Action item: Below are lines of records; copy exactly those from the one containing "this 414×196 image." through the one containing "this 1270×952 image.", leaving the pictures behind.

[Opening The records section]

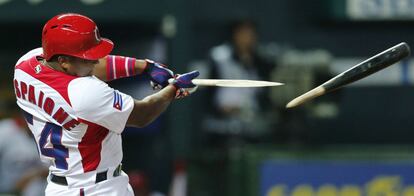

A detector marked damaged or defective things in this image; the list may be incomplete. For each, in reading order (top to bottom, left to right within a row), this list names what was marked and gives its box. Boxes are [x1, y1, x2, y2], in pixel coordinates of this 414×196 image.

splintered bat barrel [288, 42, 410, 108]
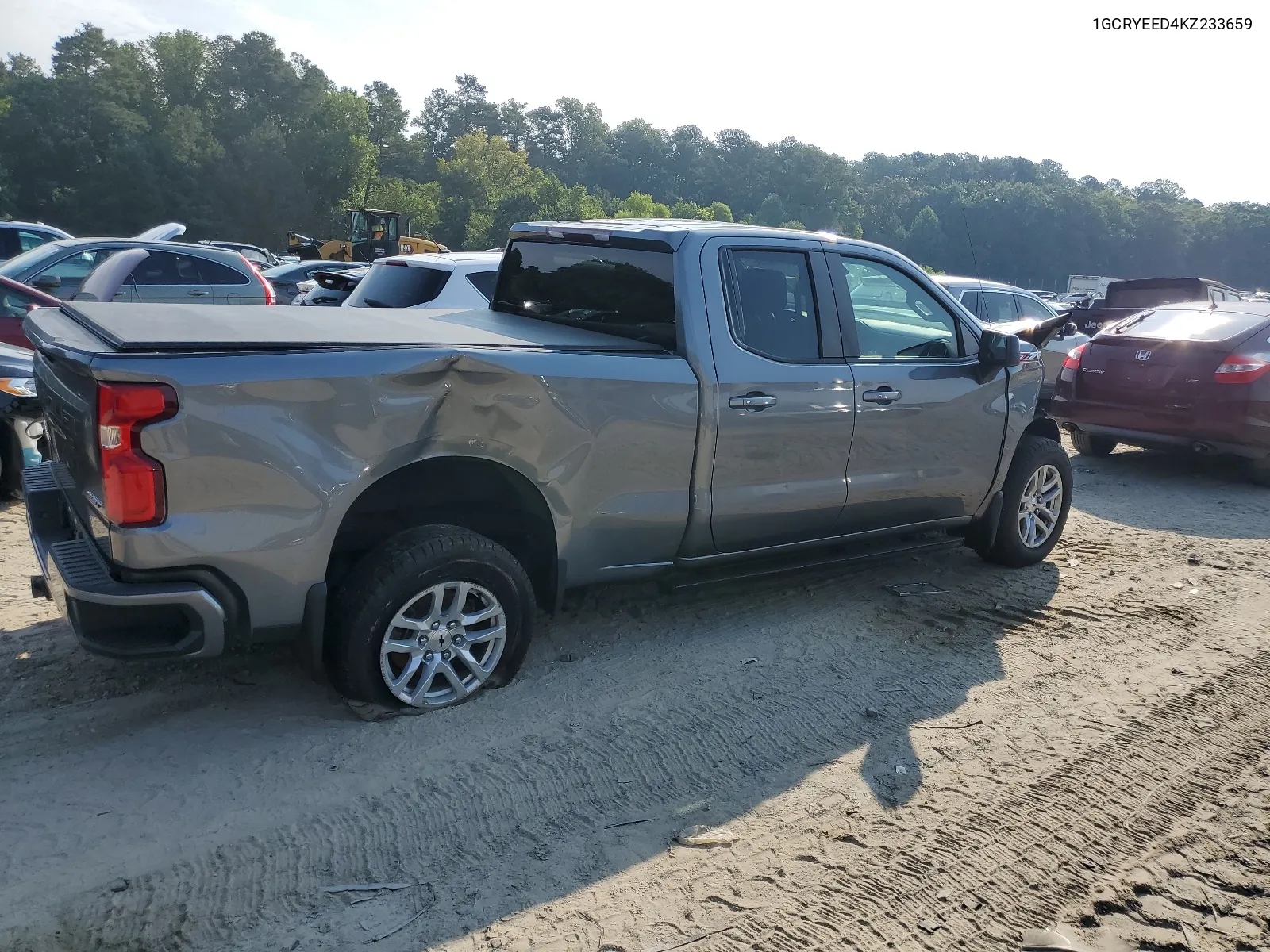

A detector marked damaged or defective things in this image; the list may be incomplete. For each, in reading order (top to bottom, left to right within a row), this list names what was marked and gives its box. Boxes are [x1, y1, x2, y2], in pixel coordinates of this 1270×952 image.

[Closing The records section]
[Opening The records section]

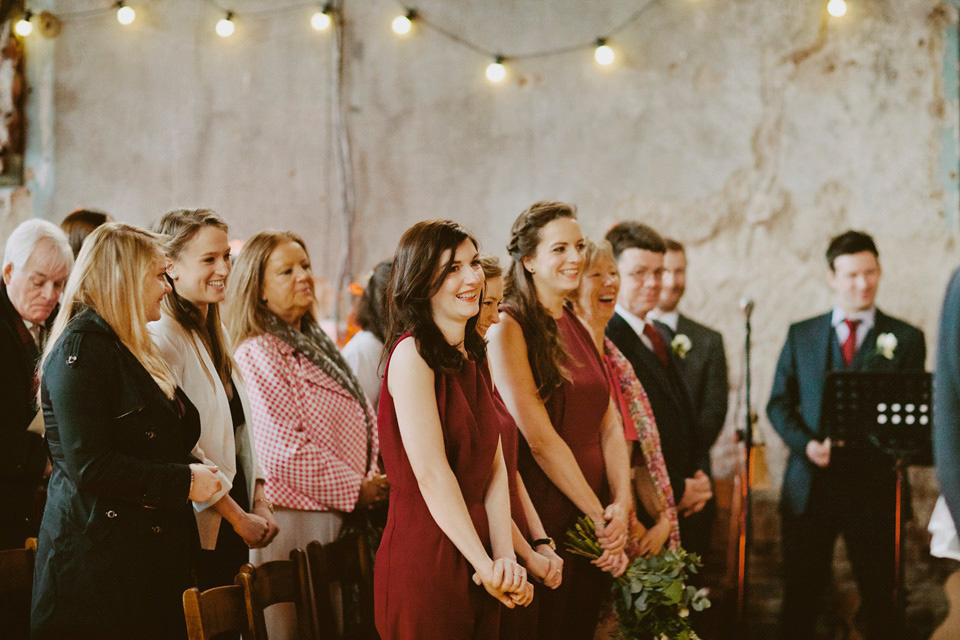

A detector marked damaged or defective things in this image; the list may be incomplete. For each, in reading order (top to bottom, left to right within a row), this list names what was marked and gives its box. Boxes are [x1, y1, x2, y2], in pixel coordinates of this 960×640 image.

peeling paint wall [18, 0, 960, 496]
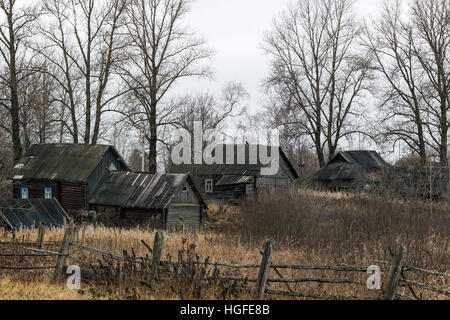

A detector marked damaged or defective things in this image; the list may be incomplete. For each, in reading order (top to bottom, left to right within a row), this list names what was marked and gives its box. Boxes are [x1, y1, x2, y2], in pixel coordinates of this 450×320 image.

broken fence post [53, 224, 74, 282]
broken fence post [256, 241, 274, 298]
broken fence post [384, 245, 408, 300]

[Closing The records section]

The completed task:
A detector marked damaged or defective things in this image; the list may be incomplete. For each, in reading order (top to bottom, left to right within a row), this list names what was marked and gives its box. Boxes are [x1, y1, x2, y2], in pixel coordinates of this 414×196 image.

splintered bat barrel [288, 42, 410, 108]

A detector marked damaged or defective things in this image; the list may be incomplete. For each, in reading order (top to bottom, left to right within a row), this list names what was marked and gives its box. Boxes are [x1, y1, x2, y2], in pixel coordinates of this 1270×952 image.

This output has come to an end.